• WHAT IS BEING ASKED:
Return the lines of the material below exactly, beginning with the line that has "1 5ab88c81 5504" in it and finishing with the line that has "ThePhotoStick® Omni Case - Sale" in it. Leave all pictures aside.

• PROVIDED DATA:

┌──

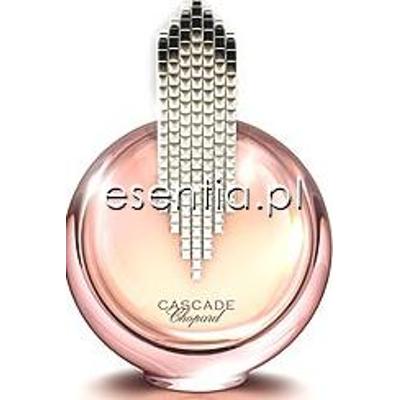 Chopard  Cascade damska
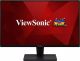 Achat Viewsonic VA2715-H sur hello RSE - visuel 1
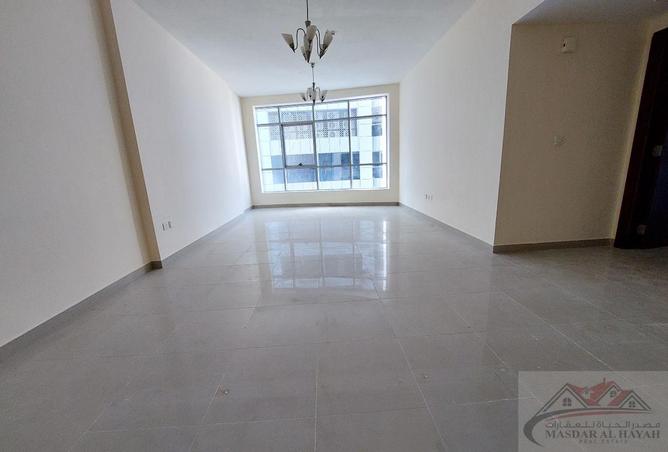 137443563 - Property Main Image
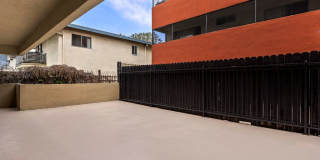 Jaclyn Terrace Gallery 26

└──
┌──

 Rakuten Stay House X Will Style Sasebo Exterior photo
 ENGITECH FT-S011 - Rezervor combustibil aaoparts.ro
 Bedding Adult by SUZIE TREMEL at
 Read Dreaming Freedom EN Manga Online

└──
┌──

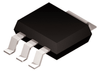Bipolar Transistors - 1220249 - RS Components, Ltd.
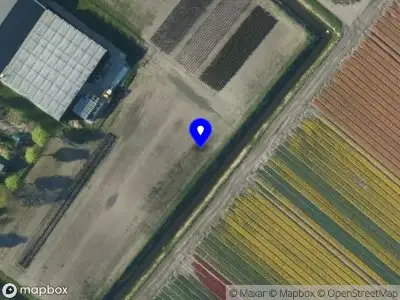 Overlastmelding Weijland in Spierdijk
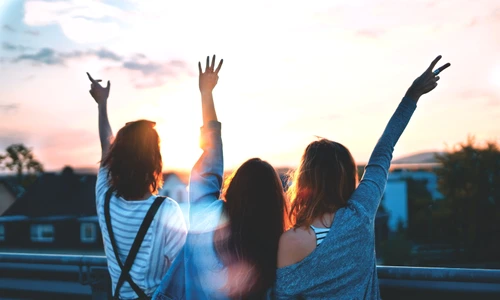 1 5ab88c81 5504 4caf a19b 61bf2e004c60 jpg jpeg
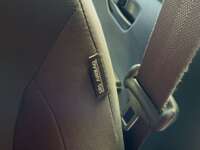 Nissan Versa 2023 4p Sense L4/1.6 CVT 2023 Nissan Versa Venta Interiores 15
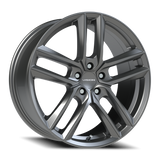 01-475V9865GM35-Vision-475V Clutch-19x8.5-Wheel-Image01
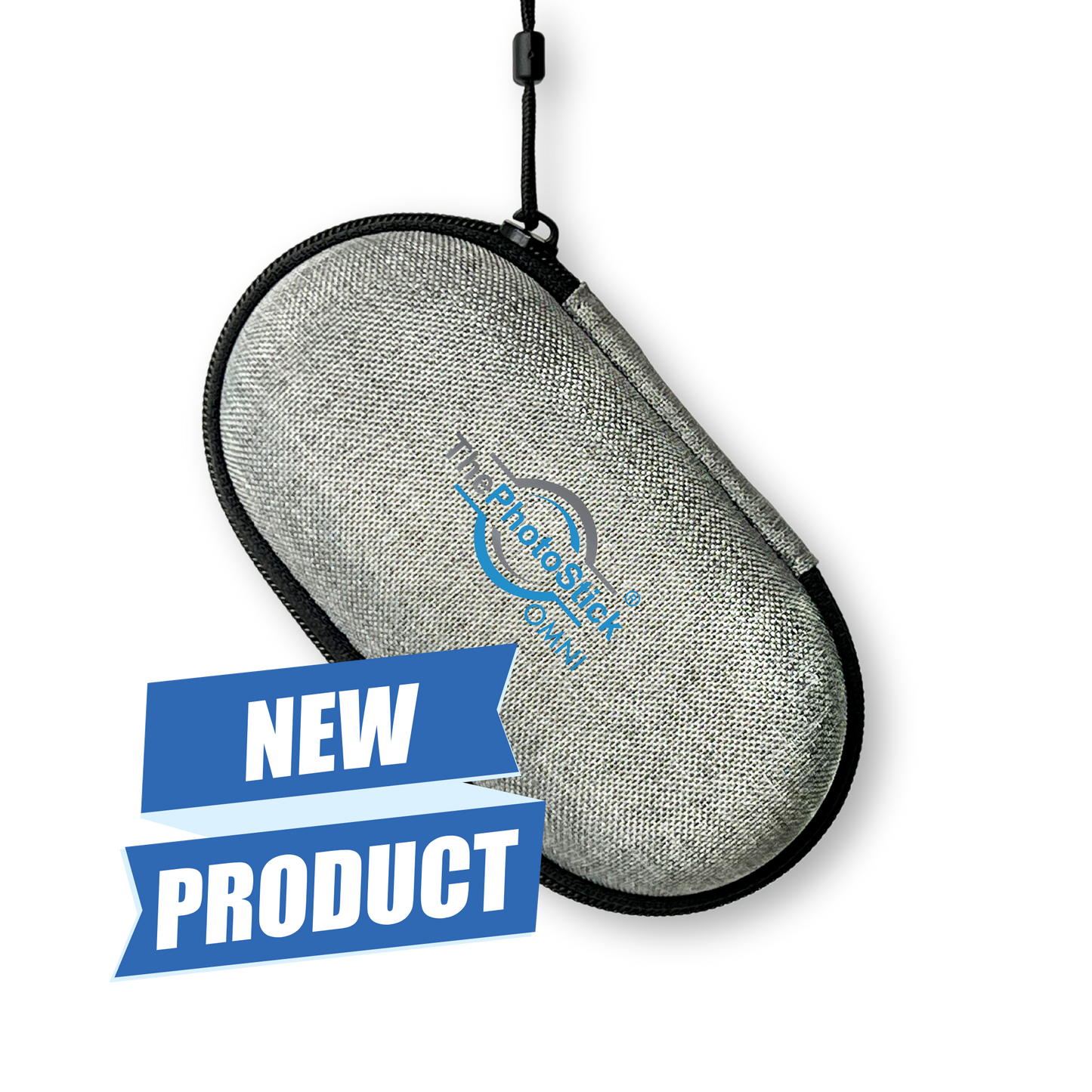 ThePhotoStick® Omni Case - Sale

└──

• EXERCISE RESPONSE:
 1 5ab88c81 5504 4caf a19b 61bf2e004c60 jpg jpeg
 Nissan Versa 2023 4p Sense L4/1.6 CVT 2023 Nissan Versa Venta Interiores 15
 01-475V9865GM35-Vision-475V Clutch-19x8.5-Wheel-Image01
 ThePhotoStick® Omni Case - Sale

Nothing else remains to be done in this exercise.